On the 15th day of July, 1870, a law was passed, among other things, to bring about a reduction of the Army, which law provided that the President should before the 1st day of July, 1871, reduce the number of enlisted men in the Army to 30,000, and authorized him in his discretion to honorably discharge from the service of the United States officers of the Army who might apply therefor on or before January 1, 1871.
Before the trial by court-martial upon the charge then pending against him Captain Wells applied for his discharge under the provision of the law above recited, whereupon the charge against him was withdrawn and canceled, and on the 27th day of October, 1870, his application for a discharge was granted.
On the 6th day of July, 1875, he was again appointed to the Army as second lieutenant in the artillery, against which a remonstrance was made by certain officers in the Army.
In August, 1877, Second Lieutenant Wells was charged with being "drunk on duty, in violation of the thirty-eighth article of war."
He was also charged with "conduct to the prejudice of good order and military discipline."
The first specification under the latter charge alleged that the accused did "engage in an affray with First Lieutenant E. Van A. Andruss, First Artillery." The second specification under said charge alleged that the accused addressed his superior officer in a defiant and disrespectful manner and neglected and hesitated to promptly obey the order of said superior officer.
All these offenses were alleged to have been committed at Reading, Pa., on the 2d day of August, 1877.
Soon after these charges were preferred a court-martial was convened for the trial of the accused thereon.

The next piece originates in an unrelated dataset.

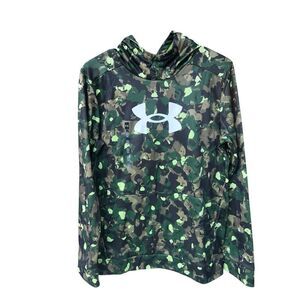 Under Armour Fleece Big Logo Printed green Camo Size Youth XL soccer baseball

He pleaded not guilty to the charges and specifications, but was convicted of them all and sentenced "to be dismissed the service of the United States."
On the 6th day of October the proceedings, findings, and sentence of the court-martial were approved by the President, who ordered the sentence to be executed; and on the 13th day of October, 1877, in pursuance thereof, Lieutenant Eugene Wells was dismissed from the service.
Since that time repeated efforts have been made to vacate this judgment and restore the dismissed officer to the service. While a number of committees in Congress have made reports favorable to such action, at least two committees have recommended a denial of legislative relief. Both of these reports were made on behalf of House Committees on Military Affairs by distinguished soldiers, who, after patient examination and with an inclination to be not only just but generous to a fellow-soldier, were constrained to recommend a refusal of the application for restoration. One of these reports was made to the Forty-seventh and the other to the Forty-ninth Congress.
I am impressed with the belief that legislation of the kind proposed is of extremely doubtful expediency in any save very exceptional cases, and I am thoroughly convinced by the facts now before me that the discipline and efficiency of our Army, as well as justice to its meritorious members, do not permit my approval on any ground of the bill herewith returned.